Technology Feast | Internet Data Center Network 25G Network Architecture Design

Technology Feast | Internet Data Center Network 25G Network Architecture Design

Time: October 17th, 2024

Background

1. "Why should we upgrade to 25G Ethernet?"

In the past years, we have observed that many Internet data centres have upgraded their server access from 10G Ethernet to 25G Ethernet. Why do people want to upgrade to 25G Ethernet?

Following information furnish a concise answer to the above mentioned question:

● Supporting high-performance businesses, involves collaborating with rapidly expanding businesses to enhance application system performance. For instance, internet applications based on AI and big data have led to a significant increase in business traffic.

● Supporting business emergencies is crucial, especially when there are sudden business crises that require full infrastructure support from the business side.

● Matching the upgrade of server performance， entails enhancing the server CPU and storage I/O performance, which in turn boosts the network throughput performance of each server. It has been observed that 10G networking is insufficient to meet the bandwidth requirements.

● Reducing the cost per bit, is important for public cloud services. The adoption of 25G Ethernet has led to a decrease in network single-bit cost, consequently reducing operating expenses.

● Realizing technical dividends is important. The new generation of 25G Ethernet switch chips offers a wide range of technical features, such as Telemetry and RDMA (Remote Direct Memory Access), significantly enhancing the efficiency of basic network operations and maintenance while cutting down on costs.

In Internet data centers, what are the differences in the networking architecture between 25G Ethernet and 10G Ethernet? Let's now explore the networking architecture of 25G.

2. What factors determine the 25G networking architecture?

When designing and implementing a 25G Data Centre network, it's important to consider two main factors that influence the choice of products and architecture solution:

1. Server scale: This refers to the expected number of servers in a single cluster.

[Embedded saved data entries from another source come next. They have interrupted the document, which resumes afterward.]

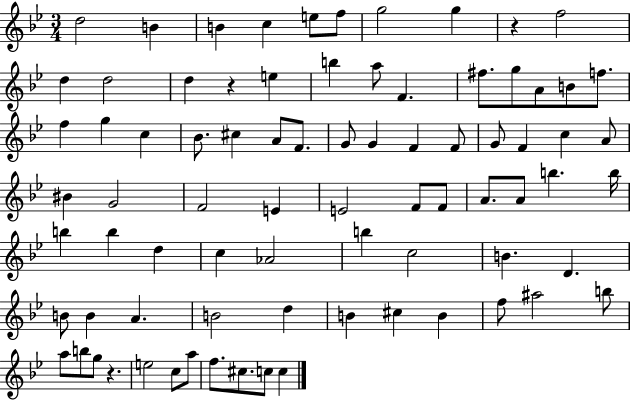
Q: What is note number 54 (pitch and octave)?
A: C5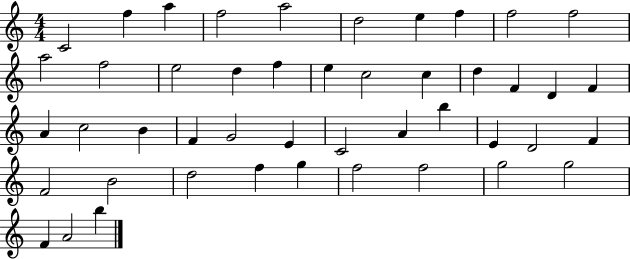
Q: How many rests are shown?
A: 0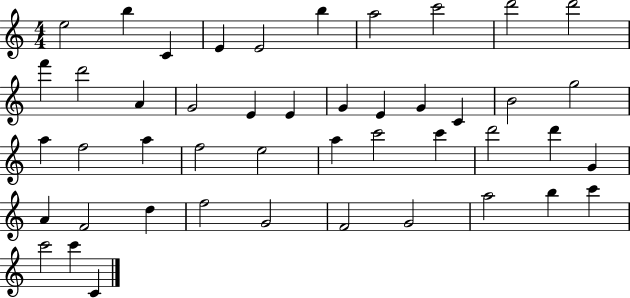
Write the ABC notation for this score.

X:1
T:Untitled
M:4/4
L:1/4
K:C
e2 b C E E2 b a2 c'2 d'2 d'2 f' d'2 A G2 E E G E G C B2 g2 a f2 a f2 e2 a c'2 c' d'2 d' G A F2 d f2 G2 F2 G2 a2 b c' c'2 c' C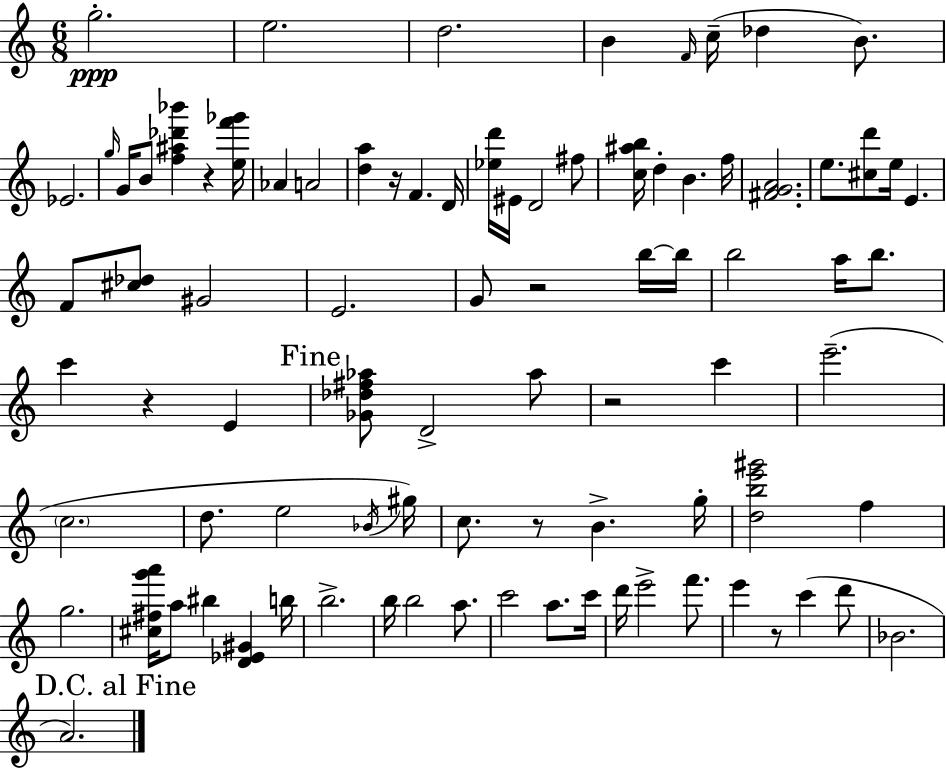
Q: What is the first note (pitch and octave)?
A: G5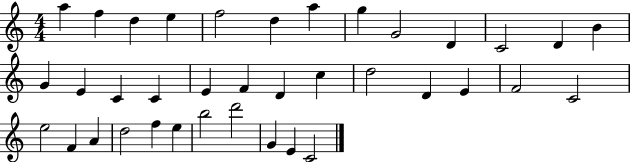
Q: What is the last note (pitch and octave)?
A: C4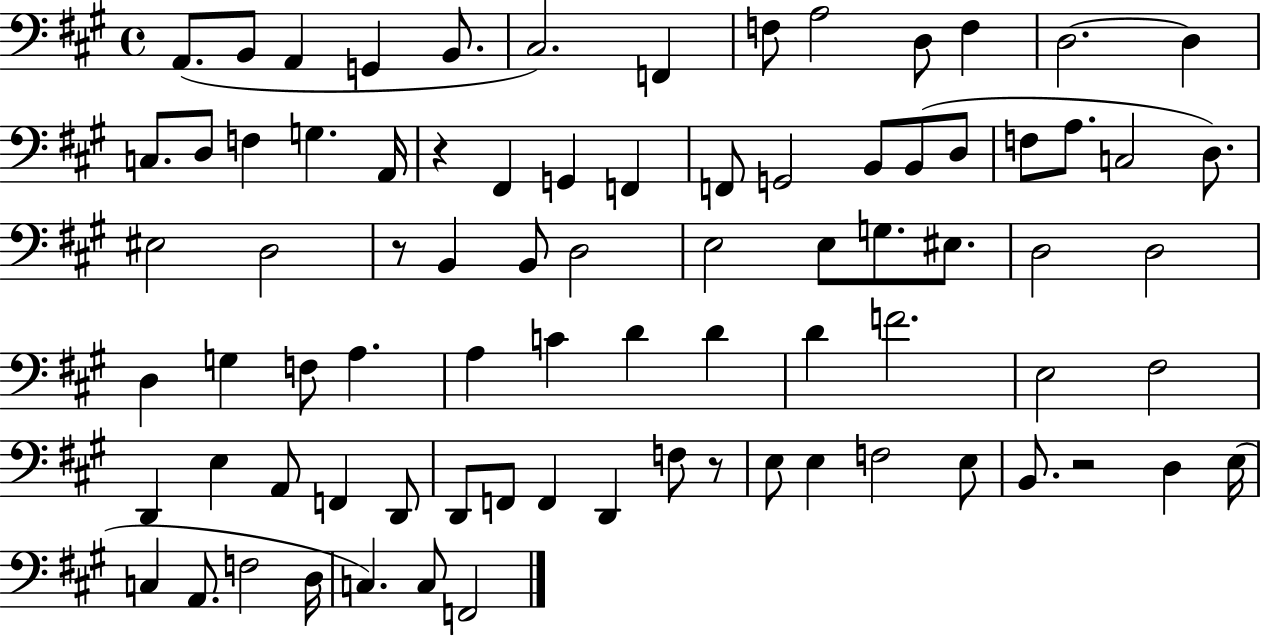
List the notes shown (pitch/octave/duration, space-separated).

A2/e. B2/e A2/q G2/q B2/e. C#3/h. F2/q F3/e A3/h D3/e F3/q D3/h. D3/q C3/e. D3/e F3/q G3/q. A2/s R/q F#2/q G2/q F2/q F2/e G2/h B2/e B2/e D3/e F3/e A3/e. C3/h D3/e. EIS3/h D3/h R/e B2/q B2/e D3/h E3/h E3/e G3/e. EIS3/e. D3/h D3/h D3/q G3/q F3/e A3/q. A3/q C4/q D4/q D4/q D4/q F4/h. E3/h F#3/h D2/q E3/q A2/e F2/q D2/e D2/e F2/e F2/q D2/q F3/e R/e E3/e E3/q F3/h E3/e B2/e. R/h D3/q E3/s C3/q A2/e. F3/h D3/s C3/q. C3/e F2/h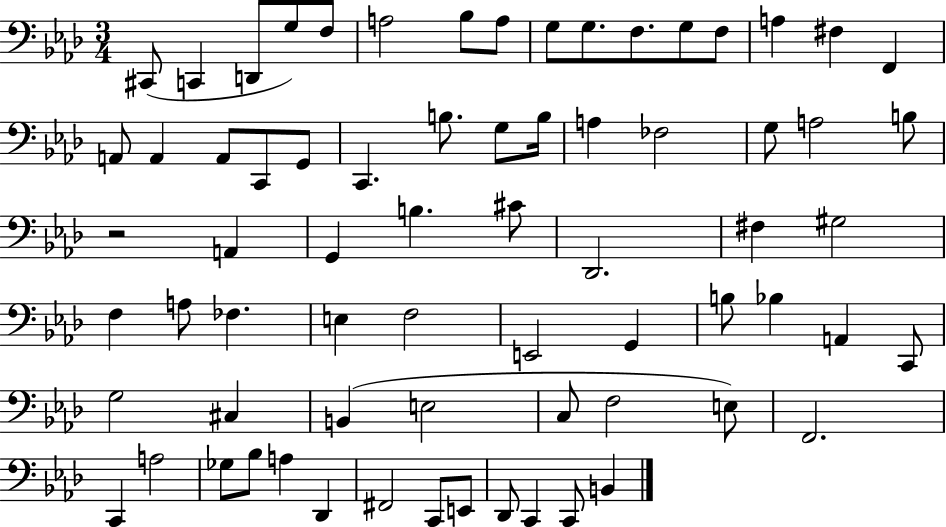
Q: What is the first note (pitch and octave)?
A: C#2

2. Business application requirements: This includes the network convergence ratio, single/dual uplink of servers, and other requirements specific to different types of business applications.

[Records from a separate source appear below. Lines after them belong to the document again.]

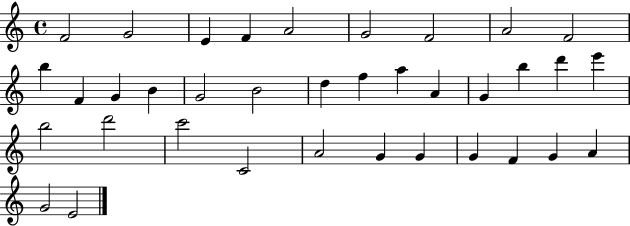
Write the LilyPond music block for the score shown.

{
  \clef treble
  \time 4/4
  \defaultTimeSignature
  \key c \major
  f'2 g'2 | e'4 f'4 a'2 | g'2 f'2 | a'2 f'2 | \break b''4 f'4 g'4 b'4 | g'2 b'2 | d''4 f''4 a''4 a'4 | g'4 b''4 d'''4 e'''4 | \break b''2 d'''2 | c'''2 c'2 | a'2 g'4 g'4 | g'4 f'4 g'4 a'4 | \break g'2 e'2 | \bar "|."
}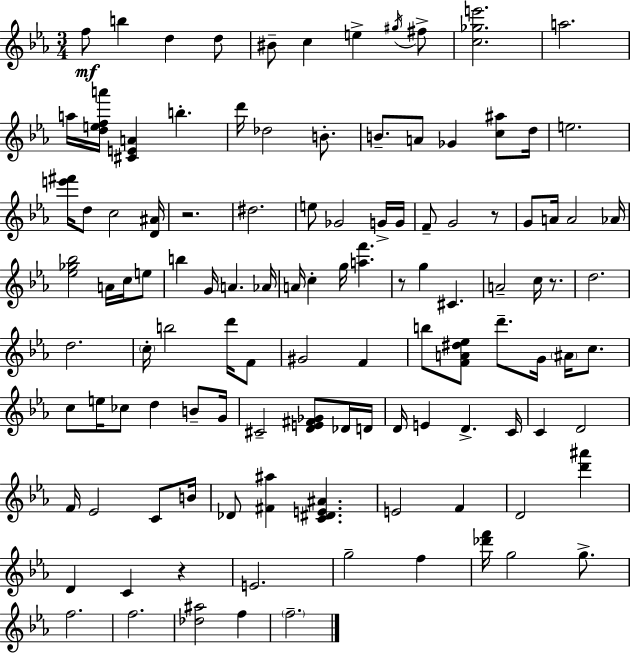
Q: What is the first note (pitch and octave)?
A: F5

The two most common network architecture models are the two-level network architecture and the three-level network architecture. In the following analysis, we will examine how these architectures correspond to the server scale and applicable business application requirements.

25G Network Architecture Design Solution

1. Two-level network architecture

▲Figure 1: two-level network architecture topology diagram

In the above Figure 1, we analyze the 2 two-level network architecture topologies in terms of single/dual uplink mode, scale, equipment selection, and convergence ratio of the server as follows:

	1,000~2,000 sets	5,000~20,000 sets	5,000~20,000 sets
Architecture type	two-level multi-core BOX architecture	two-level multi-core CHASSIS architecture	two-level multi-core CHASSIS architecture
Server- single uplink	2000 units	10000 ~ 20000 units	10000 ~ 20000 units
Server- dual uplink	1000 units	5000 ~ 10000 units	5000 ~ 10000 units
Equipment model	Leaf: RG-S6510-48VS8CQ (4825G+8100G) Spine: RG-S6520-64CQ (64*100G)	Leaf: RG-S6510-48VS8CQ (4825G+8100G) Spine: RG-N18000-X series (CB-card) 8/16 service slots	Leaf: RG-S6510-48VS8CQ (4825G+8100G) Spine: RG-N18000-X series (DB-card)8/16 service slots
Convergence ratio	Spine : 3:1 Leaf : 1.5:1	Spine : 3:1 Leaf : 1.5:1	Spine : 3:1 Leaf : 1.5:1

▲ Table 1: Comparison of two-level network architectures

When the scale of a single cluster server ranges from 1,000 to 2,000, a box-type (BOX) multi-core two-level architecture can be utilized to fulfill the demand. This architecture employs the same series of single-chip switch solutions for PFC (Priority-based Flow Control), + ECN (Explicit Congestion Notification), + MMU (Memory Management Unit) management. The chip waterline settings are highly consistent and well-coordinated. Additionally, the forwarding delay is low and the throughput is high. The entire network can implement RDMA services and network visualization solutions.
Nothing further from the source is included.